2013年1月2日水曜日

日本語の表記

梅棹忠夫著『日本語と事務革命』(くもん出版)をネット販売でみつけ、さっそく購入した。購入した理由は、「日本語の表記」について参考になることが書いてある気がしたからである。

授業用テキスト、出版用の本、講演会資料など、わたくしは文章を書く機会が多いほうだと思う。ワープロ機能を利用して文章をうつたびに気にかかることは、漢字の使用である。ひらかなで入力すると、パソコンは勝手に漢字になおしてくれる。辞書をひかなければ書けない漢字も、入力すると同時に画面に打ちだされる。そうとう意識しないと、漢字だらけの文章になってします。私は、できる限り漢字の使用をおさえて文章につくりたいと常に考えている。

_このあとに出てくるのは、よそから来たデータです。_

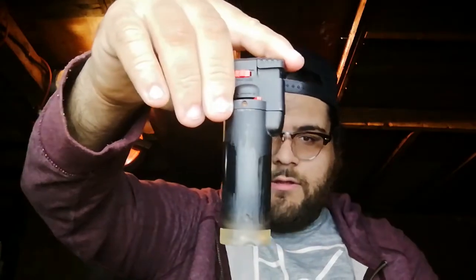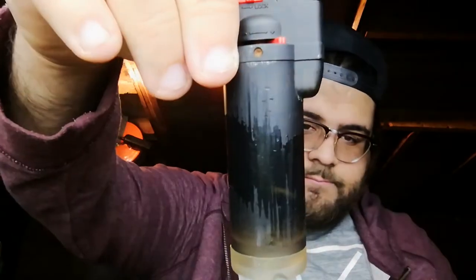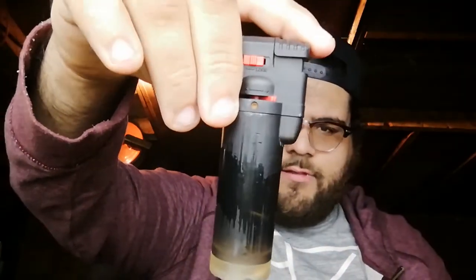This lighter here is about half full — you guys probably can't see it on camera but it's a little bit less than half. I mean, the whole point is when it comes to lighters I don't like buying disposable lighters that you can't refill.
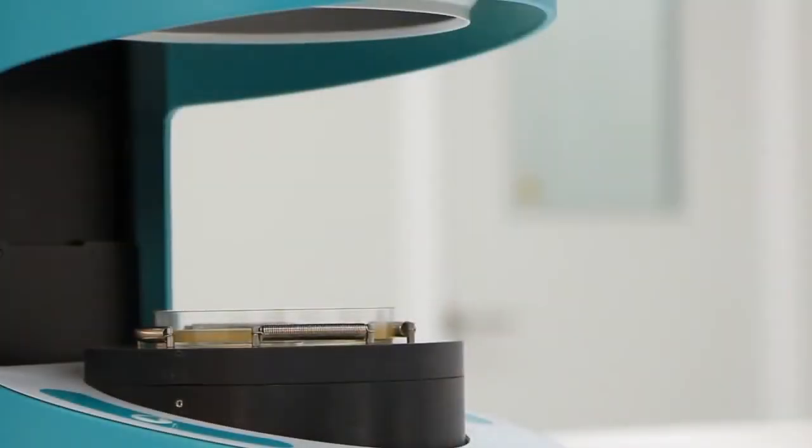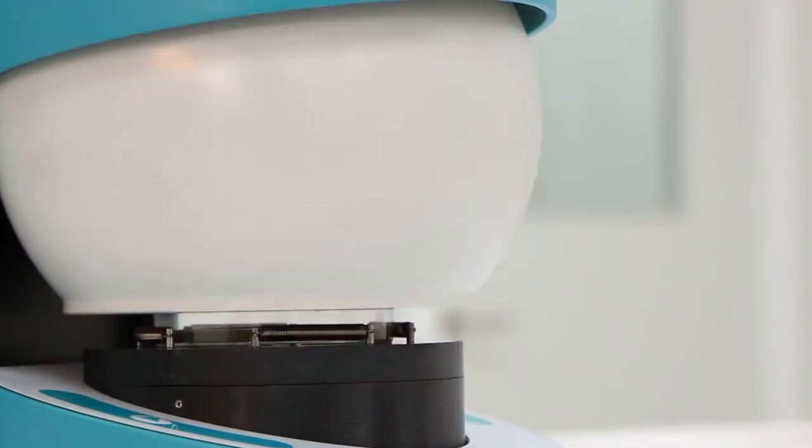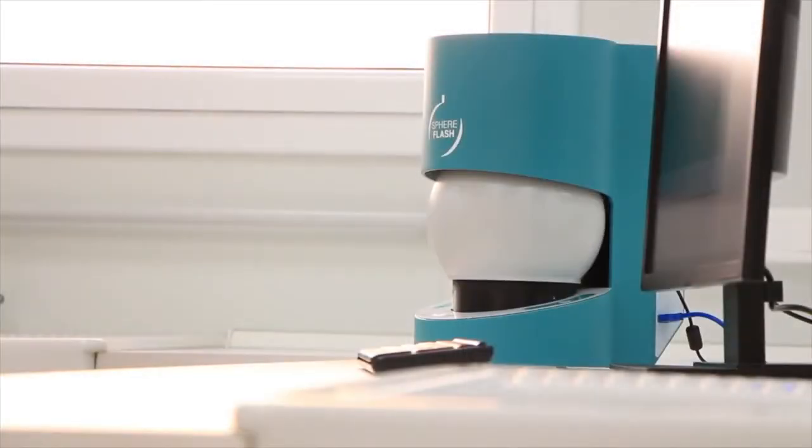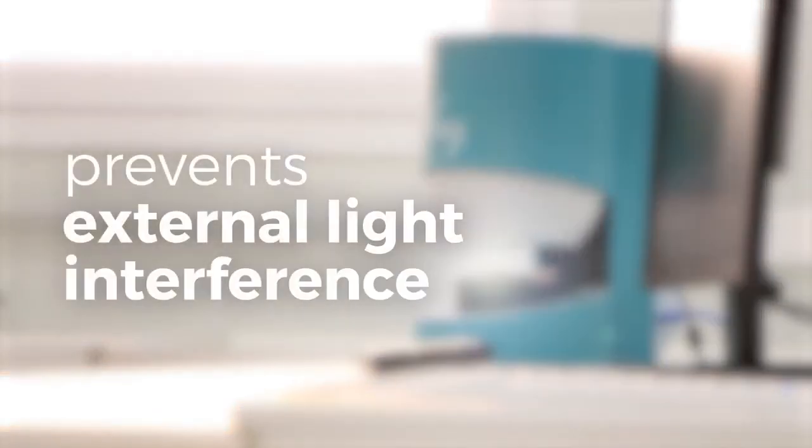Furthermore, the state-of-the-art illumination chamber uniformly lights colonies, eliminates reflection, and prevents external light interference for superior image quality and reliable colony counts.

しかし、どうしても漢字の使用が多くなり、字面が黒っぽくなる。

大学生のころ、ひらかなタイプライターを購入して、わかちがきをとりいれながら文章をうっていた。このきっかけは、梅棹忠夫の名著といわれている『知的生産の技術』(岩波新書)を読んだことである。この本に、ひらかな表記が紹介されていて、それに触発されたのである。

しかし、ひらかなだけで文章をつくることはながく続かなかった。私の好みの表記表は、ひらかなと漢字とカタカナを適度に配分するものである。改めて、文章の表記法を考えたいときに『日本語と事務革命』を見つけたのである。

この本で梅棹氏はワープロがもたらした効用を認めながらも、次のようなワープロの弊害を指摘している。
「手がきでは日本語の表記がたいへんむつかしいので、おのずからある程度の単純化・簡易化がすすんできたわけです。たとえば漢字がだんだんへり、漢字自体も簡略化されつつありますね。ところが機会は律儀ですから、全部かいてしまう。自分がきちんとした字をかけなくても、ただおすだけでどんどんでてくる。そうするとつい漢字のおおい文章になってしまう。」

漢字が混じっている文章は、漢字から意味を読み取ることができるので読むのに都合がいい。しかし、書くときにはたいへん苦労する。

日本は、当用漢字を決めて、漢字を減らす努力をしてきた。しかし、最近のデジタル化によって逆に漢字のおおい文章が増えている。

私としては、漢字をやや少なめにすることにつとめ、かつ読みやすい文章をつくることをめざしたい。